🤖 AI Summary
This study addresses the unresolved question of whether AI agents genuinely enhance code readability during refactoring, a gap marked by the absence of systematic evaluations focused specifically on readability outcomes. Focusing for the first time on readability-oriented refactoring by AI agents, the work analyzes 403 commits from the AIDev dataset containing readability-related keywords. Leveraging large language model–driven AI agents and multidimensional readability metrics—including the Maintainability Index and Cyclomatic Complexity—the study quantifies changes before and after refactoring. Results reveal that AI agents tend to prioritize reducing logical complexity and improving documentation over superficial enhancements such as naming or formatting. Notably, 56.1% of commits decreased the Maintainability Index, and 42.7% increased Cyclomatic Complexity, suggesting that AI-driven refactoring does not consistently improve conventional code quality indicators.
📝 Abstract
Code readability is fundamental to software quality and maintainability. Poor readability extends development time, increases bug-inducing risks, and contributes to technical debt. With the rapid advancement of Large Language Models, AI agent-based approaches have emerged as a promising paradigm for automated refactoring, capable of decomposing complex tasks through autonomous planning and execution. While prior studies have examined refactoring by AI agents, these analyses cover all forms of refactoring, including performance optimization and structural improvement. As a result, the extent to which AI agent-based refactoring specifically improves code readability remains unclear.

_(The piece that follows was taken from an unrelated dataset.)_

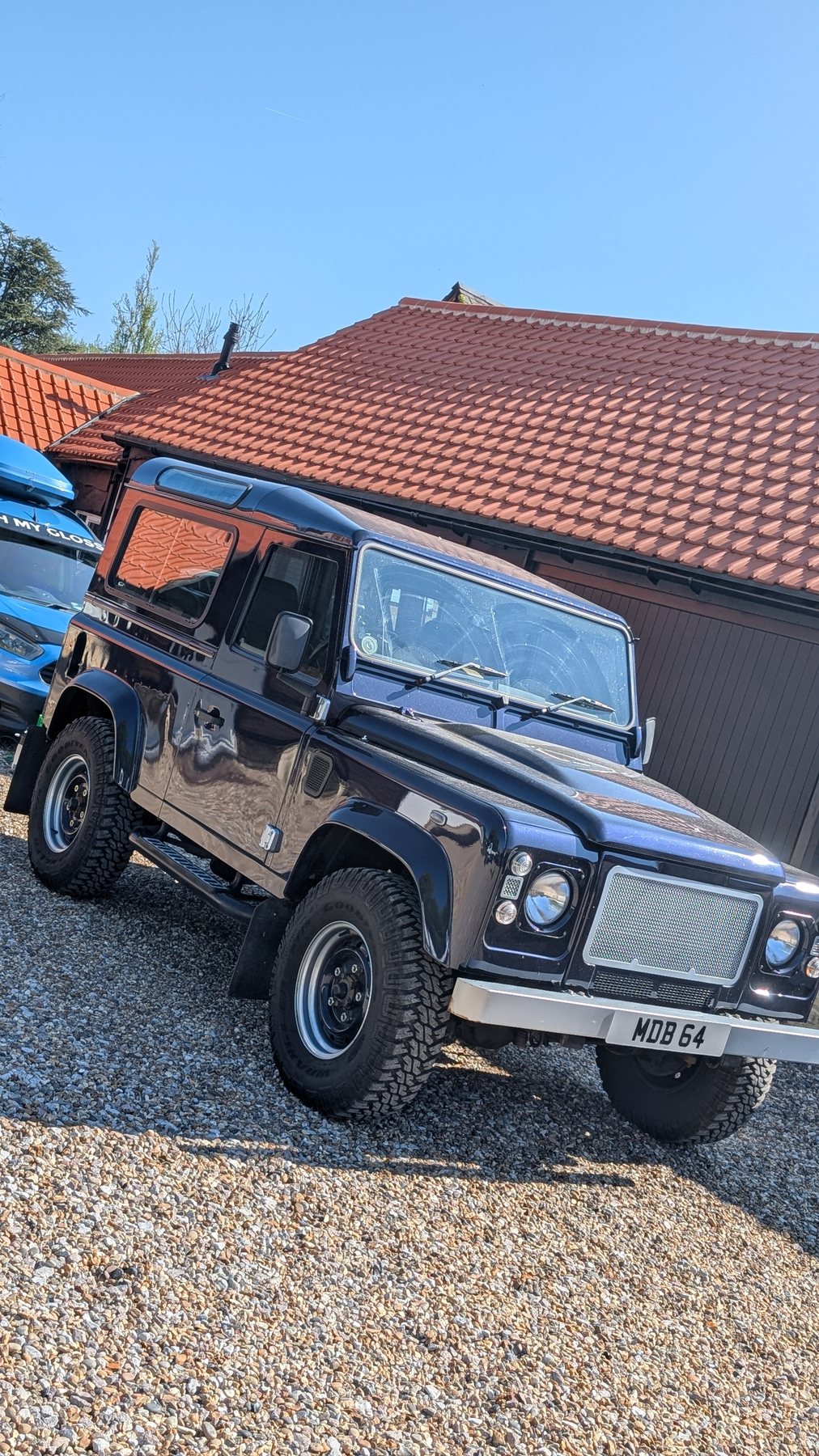 Land Rover Defender before valeting — same day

This study investigates the impact of AI agent-based refactoring on code readability. We extracted commits containing readability-related keywords from the AIDev dataset and analyzed changes in readability metrics before and after each commit, covering 403 commits evaluated using multiple quantitative metrics. Our results indicate that AI agents primarily target logic complexity (42.4%) and documentation improvements (24.2%) rather than surface-level aspects like naming conventions or formatting. However, contrary to expectations, readability-focused commits often degraded traditional quality metrics: the Maintainability Index decreased in 56.1% of commits, while Cyclomatic Complexity increased in 42.7%.